Miguel Lavastida

He held various ministerial positions in the Dominican government, including minister of finance, interior and police, foreign affairs, and war and navy.

His father, Miguel Lavastida y Aguirre (1790–1830), was a captain of infantry militias during the España Boba, standing out as one of those who supported José Núñez de Cáceres in the ephemeral independence and died being a commissioner during the Haitian regime.

Miguel Antonio's grandfather, Francisco Lavastida y Valladares, died in Caracas in 1812, while his grandmother, María Manuela Aguirre y López del Pulgar (1753–1839), came from a distinguished family.

While serving as substitute judge of the Court of Appeals of Santo Domingo, he was appointed Minister Secretary of State for Finance and Commerce by President Báez in September 1851 and temporarily assumed the Ministry of Justice and Public Instruction between December 1851 and April 1852.

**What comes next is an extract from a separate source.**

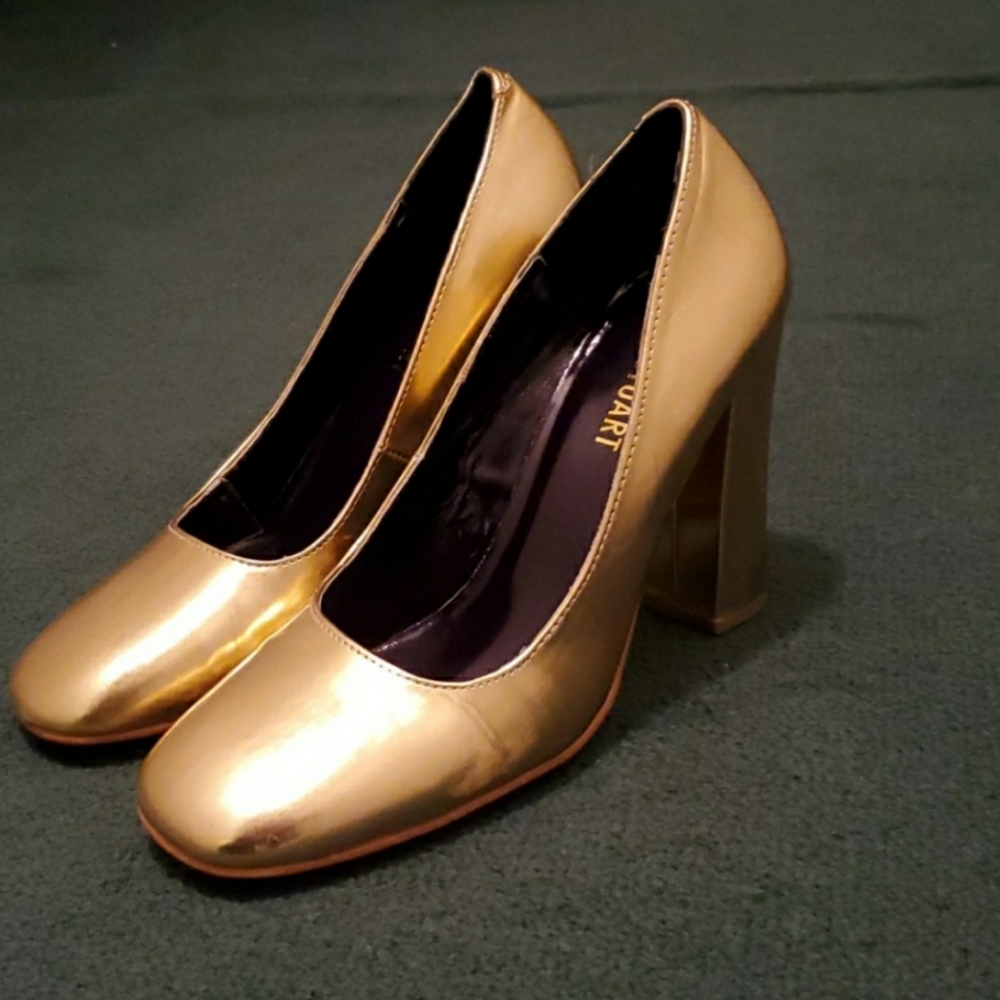 Colin Stuart Gold Heels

Under the second presidency of Pedro Santana, he established himself as a figure close to this leader and a member of his clique, occupying the post of minister of the interior and police on three occasions between 1853 and 1856, and also taking up again the portfolio of Finance and Commerce, where he was in charge of the Department of Development.

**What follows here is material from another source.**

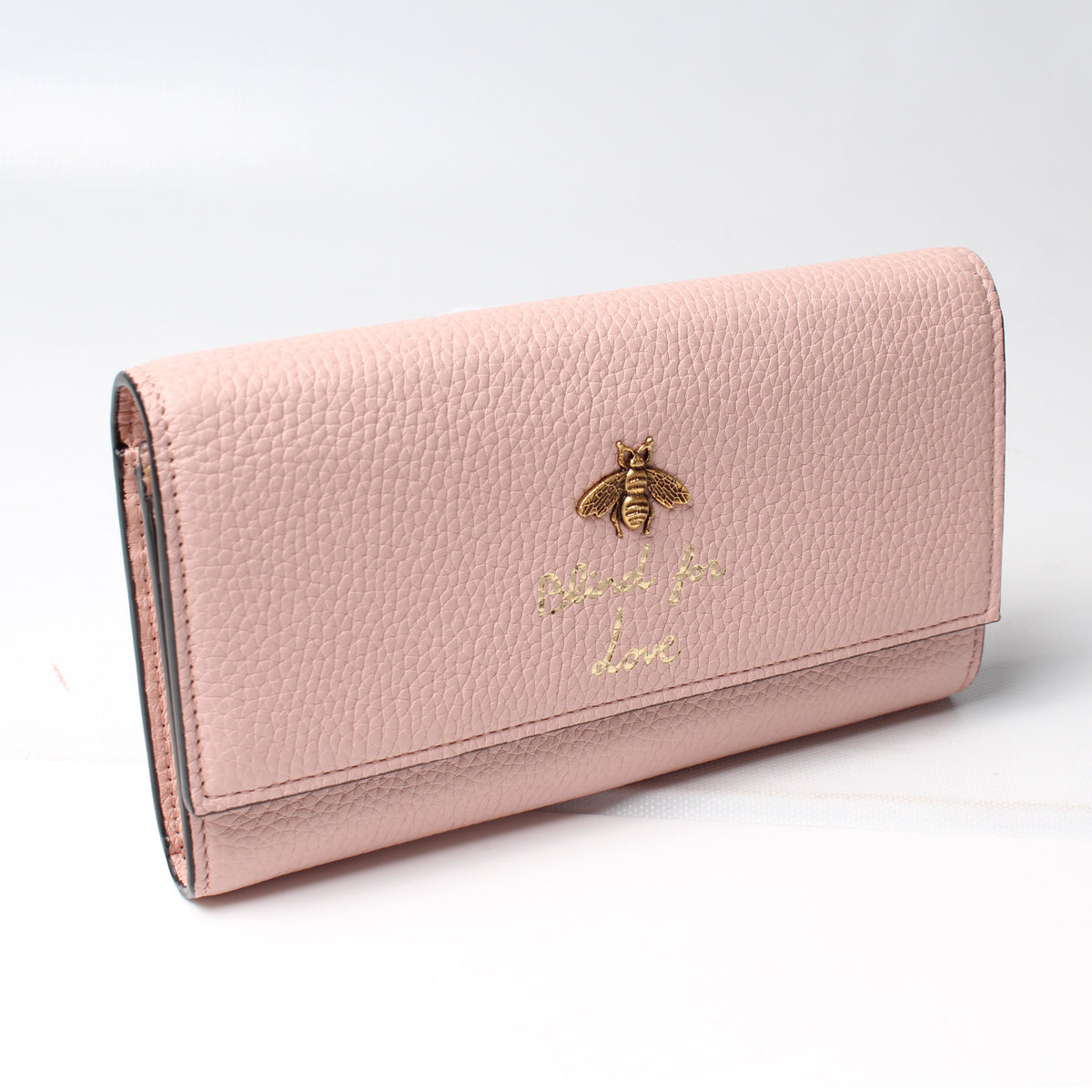 Pink buy gucci blind for love wallet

In July 1857, after learning of the uprising in Santiago against the Báez regime, Lavastida and others close to Santana, suspected of being involved in the revolution, sought refuge in the consulates of France and Great Britain.

He was one of the signatories of the National Manifesto of July 27, 1858, which proposed that Santana take charge of the Dominican State, giving the country its previous course and repealing the Constitution of Moca.

This idea was supported by the French and British consuls of Santo Domingo, who considered it a viable solution to ensure the economic survival and security of the country from Haiti.

In his role as improvised general, Lavastida traveled to the Cibao to verify that the pronouncements of the annexation were in order, since it was feared that that region was more prone to unrest.

[7][8] In September 1861, Francisco Serrano commented in a letter that, due to the total confidence that Santana had in Lavastida, the latter had amassed a considerable fortune, in contrast to the public misery, and that it was rumoured that he had obtained it by illicit means.